Martin Luther King III, son of the late Civil Rights icon, was in Birmingham Wednesday to commemorate the 60th anniversary of the 1963 Birmingham Civil Rights campaign.

King gave remarks during Alabama Power’s signature Black History Month event, Power of Leadership, and later took part in a Q&A with Birmingham Mayor Randall Woodfin moderated by Myla Calhoun, Vice-President, Alabama Power’s Birmingham Division.

Answering questions from Calhoun during an hour-long event before an in-person audience of 150 political and business leaders, King III said he wasn’t surprised that his life’s work involved Civil and Human Rights, given his upbringing which he described as a “front row seat of what happened in the modern Civil Rights Movement.”
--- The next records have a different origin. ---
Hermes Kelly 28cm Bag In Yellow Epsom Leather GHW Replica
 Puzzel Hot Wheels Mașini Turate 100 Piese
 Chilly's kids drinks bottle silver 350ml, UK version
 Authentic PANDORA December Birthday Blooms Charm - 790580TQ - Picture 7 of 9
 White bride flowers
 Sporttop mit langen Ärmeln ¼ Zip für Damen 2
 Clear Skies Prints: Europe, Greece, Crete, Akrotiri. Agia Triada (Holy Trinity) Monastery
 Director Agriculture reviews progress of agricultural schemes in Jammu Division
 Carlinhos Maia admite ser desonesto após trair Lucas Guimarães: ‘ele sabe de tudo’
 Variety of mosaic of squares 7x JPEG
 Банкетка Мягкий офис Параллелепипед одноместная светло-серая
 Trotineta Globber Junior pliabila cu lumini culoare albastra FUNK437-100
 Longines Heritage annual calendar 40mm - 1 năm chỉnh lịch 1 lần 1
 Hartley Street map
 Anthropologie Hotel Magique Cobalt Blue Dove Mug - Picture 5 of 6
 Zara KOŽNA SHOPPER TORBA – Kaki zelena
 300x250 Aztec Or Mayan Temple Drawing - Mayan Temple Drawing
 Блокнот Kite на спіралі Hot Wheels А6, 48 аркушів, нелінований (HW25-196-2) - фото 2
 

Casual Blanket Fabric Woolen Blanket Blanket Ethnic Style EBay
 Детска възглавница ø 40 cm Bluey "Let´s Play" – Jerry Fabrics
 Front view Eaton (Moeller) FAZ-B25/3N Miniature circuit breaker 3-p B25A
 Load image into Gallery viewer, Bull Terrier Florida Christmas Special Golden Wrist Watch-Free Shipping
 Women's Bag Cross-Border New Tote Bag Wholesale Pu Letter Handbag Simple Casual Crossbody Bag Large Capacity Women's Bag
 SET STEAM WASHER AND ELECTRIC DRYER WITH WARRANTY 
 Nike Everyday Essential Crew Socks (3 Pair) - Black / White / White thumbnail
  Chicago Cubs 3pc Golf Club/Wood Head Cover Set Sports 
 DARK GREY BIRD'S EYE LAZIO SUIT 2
He talked about “[being] engaged with young leaders at the time . . . in our home John Lewis [the late Congressman] and Julian Bond [former Georgia State Senator] later on, of course, Maynard Jackson [former mayor of Atlanta] and a host of others who have been student leaders.”

Growing up in the King household was an education in itself, he said.

“Life experiences,” he pointed out, “. . . experiences when my father and mother (Coretta Scott King) on Sunday mornings, we would eat breakfast . . . dad would lead us in prayer, we’d say Bible verses, and then he would discuss the things that he was working on in the world . . . sometimes mom would reinforce those things during the week.”

One of the most important documents to come out of the Civil Rights Movement 60 years ago and perhaps in American history is Dr. King’s “Letter From Birmingham Jail” which King III called “probably one of the most scholarly documents that has ever been written.”

“And to think about the stress of being in a jail,” he said. “And it was written, as you perhaps know, on the side of toilet tissue and newspapers, and snuck out to the secretary to be developed and sent out to the community. So, you know, I’m thinking about, no research, no public library, just what was in his mind. I mean, folks from Harvard are studying how [did that happen]? How was he able to do this? It just shows the brains . . . he was not just a minister and human rights leader, he was a scholar.”

Martin Luther King III, left, and Birmingham Mayor Randall Woodfin commemorate the 60th anniversary of the 1963 Birmingham Civil Rights campaign during Alabama Power’s signature Black History Month event, Power of Leadership. (ANTHONY COOK, ALABAMA POWER)

King III pointed out that Stanford University has 12 volumes of his father’s scholarly works and each one of those books is 1,000 pages. “Now think about the fact that he didn’t live to be 39 years old, and all of this information is now coming out. So once that is complete and put throughout our system digitally, I think that will become one of the foremost scholarly [works] which is important and profound.”

And, of course, the conversation during the Power of Leadership conversation touched on something else the two leaders had in common: both King III and Woodfin are Morehouse College alums.

“From afar, I watched him and admired him and appreciate him and his friendship,” King III said of the mayor. “It’s exciting what is happening in Birmingham. I’ll say that it does not mean there’re not challenges. But as long as you have someone who is working and dedicated, dependable and determined, that is what you have in your Mayor” the city will grow.

Woodfin said Morehouse College is at a minimum “a three-way intersection of academic rigor, leadership, and community service. It was tough, it was hard, didn’t matter what your major was. And you got challenged by not only your professors, but by your peers,” the mayor said. “But we were nurtured into how to be a man, not just a Morehouse man upon completion of Morehouse, but to be a man and leader and in service in your community, your family and anywhere you put your two feet on the ground. You had to serve, you had to lead.”